Balance is also at the forefront of Boss’ thinking when it comes to beer. They want their beers to have “repeat drinkability,” not just be one-off, crazed inventions designed to be tried and left behind. The focus is on creating beers of superb quality that are accessible and approachable, and which stand the test of time. These are beer fans, beer drinkers, beer scholars doing their best to bring you guys at home the best brews they can. It’s not only admirable, it’s working. They’re even bringing the craft revolution to their hometown Swansea in West Wales.
“Generally speaking West Wales is a little more old school and trends such as craft beer usually come to us a few years later. That makes it all the more exciting for us though as it puts us in the privileged position of being able to introduce people to craft beer and convert them over,” explains Sarah.
“We opened our first brewery bar in Swansea called Copper in August 2016, which has been amazing for them. It’s the first of its kind (a craft beer bar) in Swansea and the reception has been amazing. People are keen to try beers unlike anything they’ve ever tried before. It’s catching on.”
From Swansea, Boss have spread their beery reach to every corner of the UK and beyond. In 2017, the brand exported their brews globally for the first time, reaching France and Canada.
Now, they’ve got European craft beer hotspots Denmark, Sweden, Italy and Germany in their sights.
At home they’re also making huge moves. Boss recently sealed the deal on a new brewery site, with work beginning on a space that is ten times the size of their current site. The idea is to bottle, can and label everything on site, and keep up with the demand for their beer. The new site will also house a taproom, their second bar in Swansea. They’re not forgetting where they come from either and they’re also retaining a vision and ambition to be much more than just beer manufacturers.
“There’s a huge yard too [at the new site] so we’re hoping to establish an annual craft beer festival there a bit further down the line, which will be a first for Swansea,” said Sarah. “It is a beautiful building with lots of character and history – it was actually a cinema during the First World War. So, an idea we’ve had is to also utilise the yard as a drive-in cinema, perhaps once a month. We’re just looking into the licence for it now – how incredible would that be? Plans are also underway for a third brewery tap, which I will be able to tell you more about in the near future.”

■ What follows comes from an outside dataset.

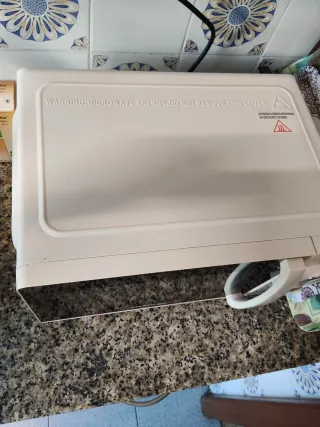 Microondas Orbegozo con Grill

Boss Brewing is everything a modern brewery should be. Brave, bold, creative and ambitious; this positive, progressive attitude is sutured through everything Boss does.
In just two years, they’ve already left a huge, stouty mark on the British beer map, and they’ve never once rested on their laurels. Not only that, but there’s nothing conventional about the way Boss go about their business, not that they care.
In fact, they’re proud to be redefining beer in West Wales and beyond, and the image of who’s behind it. Like a Boss.